Amtrak still has to do extensive testing of the system but has said it will meet the deadline in the busy Northeast Corridor between Boston and Washington.
Most railroads, however, will not make the deadline. The nation’s largest freight railroads don’t expect to be ready until 2020.
Frank Lonegro, vice president for service design of CSX Transportation, one of the largest freight railroads, said potential fines will not make installation of positive train control occur any faster.
“If doesn’t matter how big the bear is running after you. We can’t run any faster,” Lonegro said.
CSX spent $300 million on positive train control, Lonegro said, calling it “an unprecedented technological challenge” for the industry. The company expects to instill needed hardware for positive train control by the end of 2018, with full deployment of the technology by the end of 2020, he said.
Obama administration officials have repeatedly asked Congress to give them power to extend the deadline on a case-by-case basis for railroads that demonstrate a sincere effort to install the technology. However, legislation introduced by Senate Commerce, Science and Transportation Committee Chairman John Thune, R-S.D., and other members of the committee would grant railroads a blanket extension for five to seven years.
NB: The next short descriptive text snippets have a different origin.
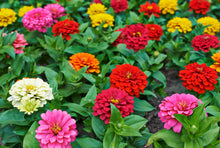 Load image into Gallery viewer, Zinnias, Benary&#39;s Giant
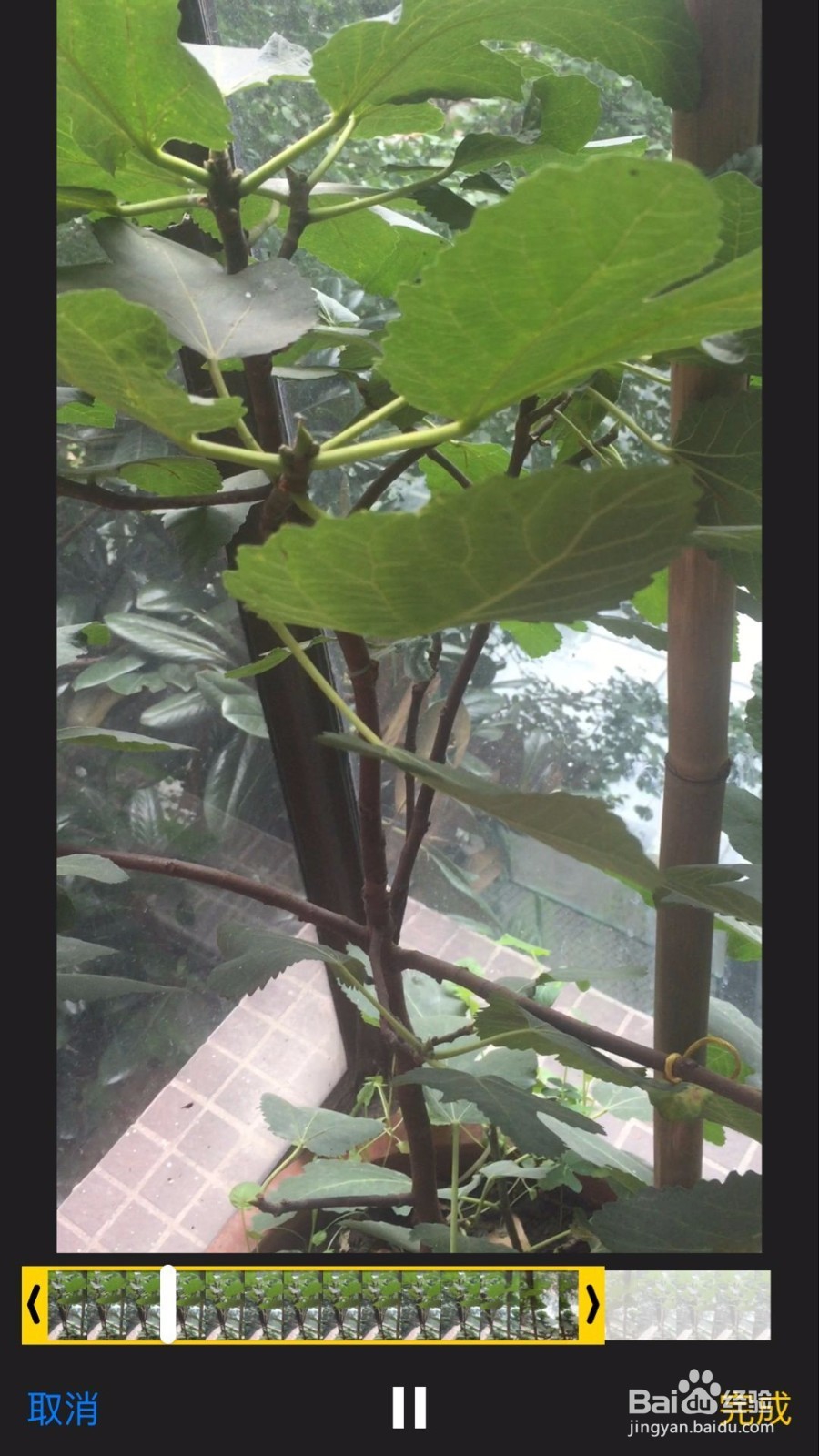 苹果手机如何用自带的相机录制和编辑视频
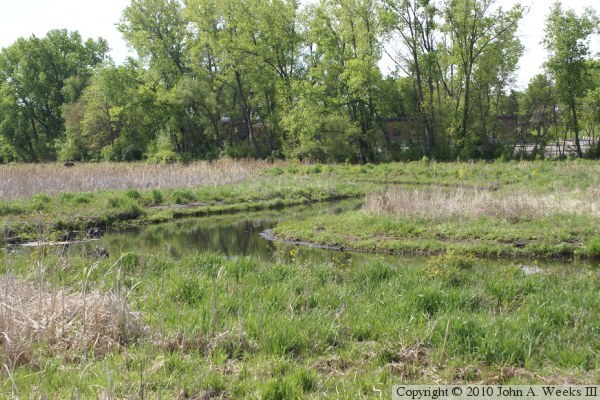 Methodist Hospital Boardwalk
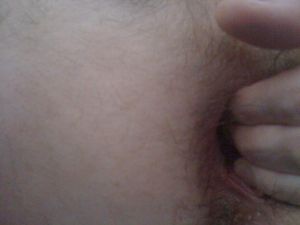 IMG 0148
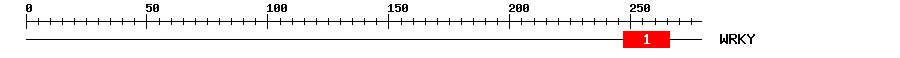 Signature Domain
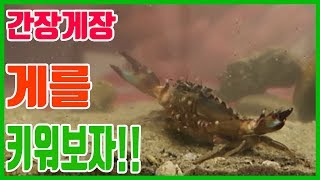 박하지와 소라게를 키워보자!! Let's Catch and raise mudflat crab and hermit crab [헌터퐝]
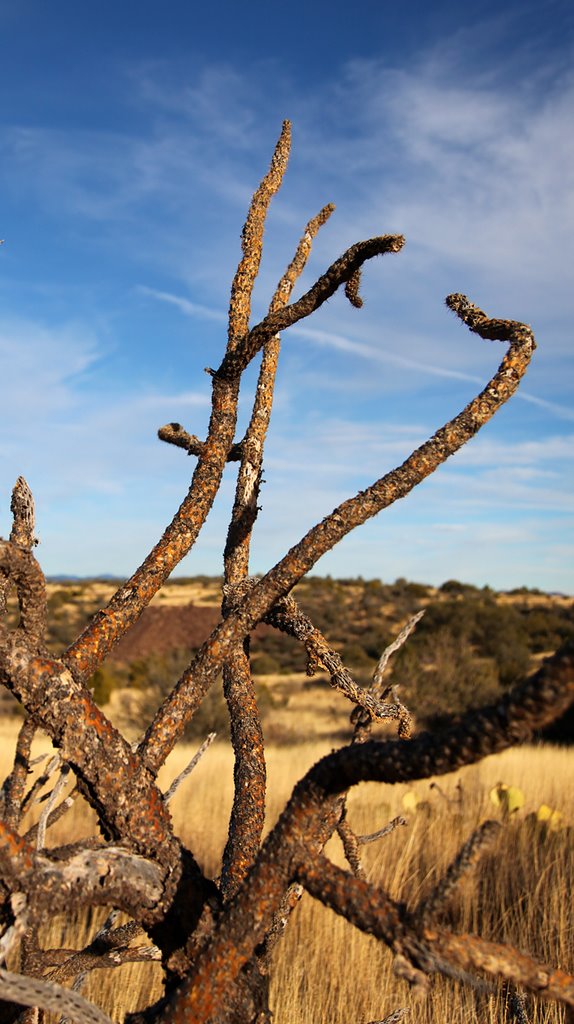 Nearly Dead Cholla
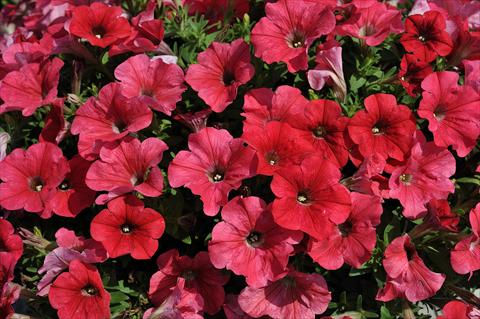 Foto de variedad de flores para ser usadas como: Maceta, patio, Tarrina de colgar Petunia Sentunia® Coral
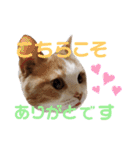 ひこ＆くにゃ(敬語)（個別スタンプ：39）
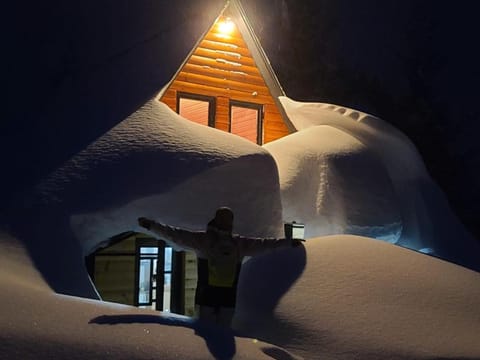 არწივის ბუდე eagle's nest Villa in Adjara, Georgia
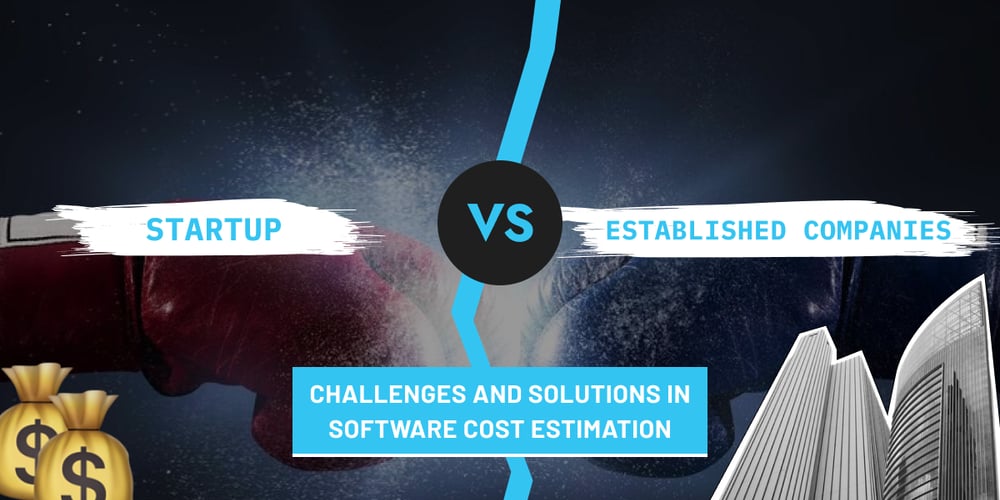 Navigating Software Cost Estimation: Startups vs Established Companies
Rep. Peter DeFazio, D-Ore., asked Feinberg what would happen if Congress offered railroads flexibility to install the technology as soon as it is practical to do so, both technologically and financially.
“I take my cues from the Congress, and I enforce what the Congress mandates,” she said.
Unless Congress acts, the FRA plans to go ahead with fines and penalties laid out under the law “and be transparent about our approach,” Feinberg said.